Deep Q-Networks (DQN) or Proximal Policy Optimization (PPO) algorithms are commonly deployed to learn a policy that maximizes cumulative reward over an episode (e.g., a timed penetration test). The "deep" aspect allows the agent to abstract high-level strategies from raw network data, such as recognizing that discovering a web server often precedes SQL injection attempts.
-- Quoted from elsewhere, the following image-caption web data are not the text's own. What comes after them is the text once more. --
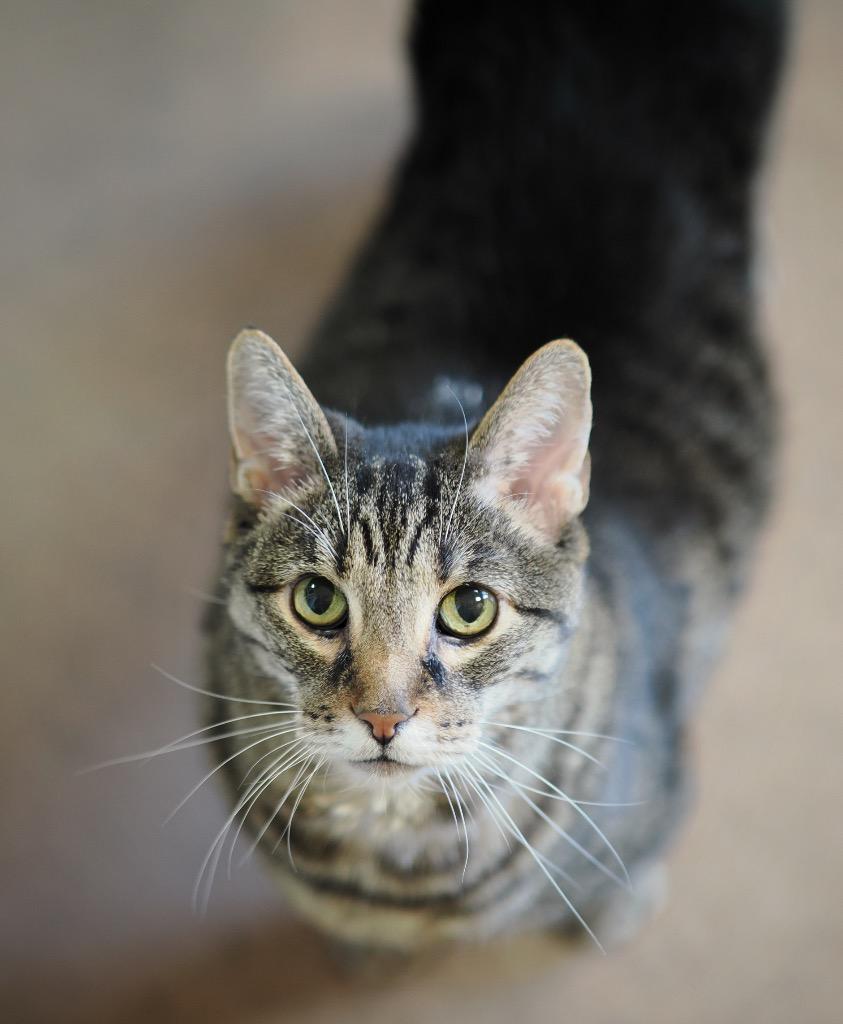 Enlarge Bamboo, a Adoptable mixed breed in Cincinnati, OH image 5/6
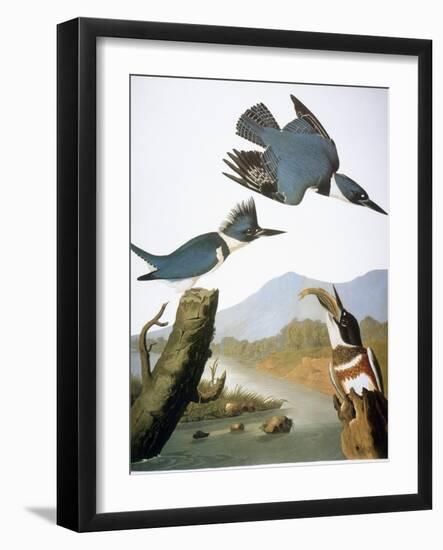 Audubon: Kingfisher, 1827-John James Audubon-Framed Giclee Print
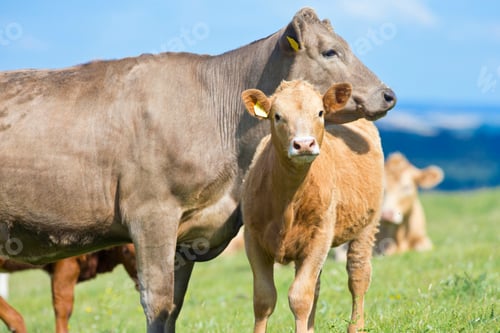 Preview: Cow And Calf In Rural Field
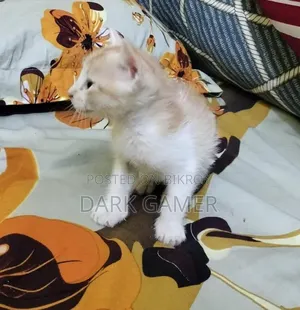 ০-১ মাস বয়সী পুরুষ বিশুদ্ধ পার্সিয়ান বিড়াল
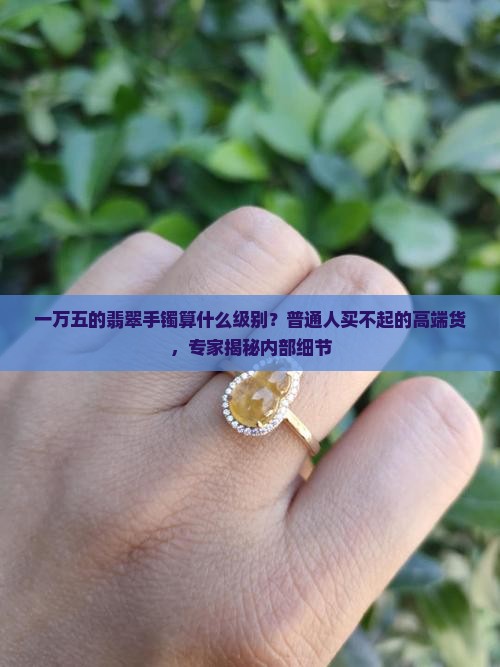 一万五的翡翠手镯算什么级别？普通人买不起的高端货，专家揭秘内部细节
Developed by the at the Japan Advanced Institute of Science and Technology (JAIST), this tool represents a shift from static security scripts to dynamic, AI-driven offensive security. What is AutoPentest-DRL? autopentest-drl

: A 2026 survey that lists AutoPentest-DRL (referred to as "AutoPen") as a major tool in the field of automated penetration testing and network intrusion. Deep Q-Networks (DQN) or Proximal Policy Optimization (PPO)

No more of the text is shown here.